人口約80万人、国土は九州ほどの小国ながら、“ヒマラヤの麓の仏教国”という秘境めいた響き、あるいは“世界一幸せな国”というコピーは好奇心をくすぐる。そうして人々を引き寄せる観光が、この国の主要産業となっている。
そのブータンが2022年9月、コロナ明けの再開国にあたり、国のリブランディングを行った。ただ外向きにブータンをよく見せるようなものではない。国の未来を担う、国家プロジェクトだ。
手掛けたのは、英国のブランディングエージェンシー「MMBP & Associates」。ライフスタイル誌「MONOCLE」のクリエイティブスタジオ出身のJulien Beaupré Ste-MarieとHank Parkが2017年に共同創業。エアカナダやレクサスなど大型案件の実績と、MMBPとして韓国エンタメ大手「CJ ENM」の刷新が注目され、「人づてにブータンの話が舞い込んできた」という。
再開国から始まる新しいブータン
ブータンのリブランディングの目的は2つ。ひとつは、再開国に伴う観光税(持続的国土開発費)の増額をフォローするため、もうひとつは、国民に未来を示すためだ。世界でオーバーツーリズムが叫ばれる前から「High Value Low Volume(高価値&少量)」という方針を貫いてきたブータンは、1991年に一人1日あたり65ドルという観光税を導入。加えて、滞在中にガイドや宿泊などに所定の金額を使うというルールを設け、観光を財源として活用しながら、資源を守ってきた。
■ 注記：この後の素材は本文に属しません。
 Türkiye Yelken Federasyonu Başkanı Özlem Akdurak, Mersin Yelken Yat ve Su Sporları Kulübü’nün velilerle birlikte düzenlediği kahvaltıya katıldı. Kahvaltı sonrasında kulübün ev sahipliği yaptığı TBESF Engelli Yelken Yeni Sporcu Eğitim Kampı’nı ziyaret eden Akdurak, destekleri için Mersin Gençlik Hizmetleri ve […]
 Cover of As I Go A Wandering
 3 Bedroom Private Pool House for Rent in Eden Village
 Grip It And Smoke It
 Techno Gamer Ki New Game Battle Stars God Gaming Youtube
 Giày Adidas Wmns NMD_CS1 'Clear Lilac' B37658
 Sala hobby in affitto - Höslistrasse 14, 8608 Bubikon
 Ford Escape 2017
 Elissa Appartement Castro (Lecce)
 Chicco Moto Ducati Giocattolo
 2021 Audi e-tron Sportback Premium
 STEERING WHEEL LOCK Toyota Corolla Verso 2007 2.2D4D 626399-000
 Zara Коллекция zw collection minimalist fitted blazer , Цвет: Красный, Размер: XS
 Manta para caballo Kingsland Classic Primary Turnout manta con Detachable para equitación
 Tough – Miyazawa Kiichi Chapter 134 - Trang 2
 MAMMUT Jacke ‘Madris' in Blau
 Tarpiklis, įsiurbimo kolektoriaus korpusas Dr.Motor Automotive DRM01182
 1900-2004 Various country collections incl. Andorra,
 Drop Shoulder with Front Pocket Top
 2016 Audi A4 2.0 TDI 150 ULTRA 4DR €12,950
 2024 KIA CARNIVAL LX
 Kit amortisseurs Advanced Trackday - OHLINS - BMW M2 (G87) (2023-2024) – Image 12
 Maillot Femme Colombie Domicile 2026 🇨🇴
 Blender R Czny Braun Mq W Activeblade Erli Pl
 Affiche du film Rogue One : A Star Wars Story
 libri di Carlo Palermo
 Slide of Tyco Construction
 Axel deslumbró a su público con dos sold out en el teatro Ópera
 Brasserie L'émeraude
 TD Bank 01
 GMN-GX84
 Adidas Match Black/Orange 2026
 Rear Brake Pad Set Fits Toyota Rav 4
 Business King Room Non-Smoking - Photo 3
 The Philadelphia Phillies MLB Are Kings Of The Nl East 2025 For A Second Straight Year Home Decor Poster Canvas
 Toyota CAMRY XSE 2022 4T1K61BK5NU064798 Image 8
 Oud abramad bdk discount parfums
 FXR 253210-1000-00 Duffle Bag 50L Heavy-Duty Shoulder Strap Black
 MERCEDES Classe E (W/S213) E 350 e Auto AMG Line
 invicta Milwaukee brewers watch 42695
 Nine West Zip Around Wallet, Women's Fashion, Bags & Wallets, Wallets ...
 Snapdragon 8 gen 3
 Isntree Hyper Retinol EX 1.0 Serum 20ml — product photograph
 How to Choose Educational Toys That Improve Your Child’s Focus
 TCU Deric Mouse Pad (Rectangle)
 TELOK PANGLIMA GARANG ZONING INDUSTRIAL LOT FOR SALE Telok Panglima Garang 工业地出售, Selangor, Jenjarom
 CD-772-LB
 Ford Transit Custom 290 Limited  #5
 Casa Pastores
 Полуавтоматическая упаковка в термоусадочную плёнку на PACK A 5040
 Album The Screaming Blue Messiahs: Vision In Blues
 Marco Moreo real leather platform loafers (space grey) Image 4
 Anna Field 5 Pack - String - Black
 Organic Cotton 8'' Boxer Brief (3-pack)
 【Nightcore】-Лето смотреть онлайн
「今回、その観光税が約3倍の200ドルに引き上がりました。この意味を訪れる人に理解してもらう必要があります。また、観光業はこの国の第二の産業であり、あらゆる業界、多くの国民の生活にも関わるものでもある。経済、教育、公共サービス含め、全方位的に改革を押し進めていくことになるため、それを体現する“ブランド”が求められたのです」と、Julien Beaupré Ste-Marie(マネージングディレクター、以下ジュリアン)は語る。
再開国を機に、国のエンジンである観光を軸に、国が変革していく。それを国民に示すことこそが、もうひとつの目的だ。
「古く伝統的なこの国で、若者は『私たちの将来はどうなるのか? 寺で働くのか? 僧侶になるのか?』と不安視している。国として、特に彼らにビジョンを示したがっていました」と、Hank Park(アートディレクター、以下ハンク)は、補足する。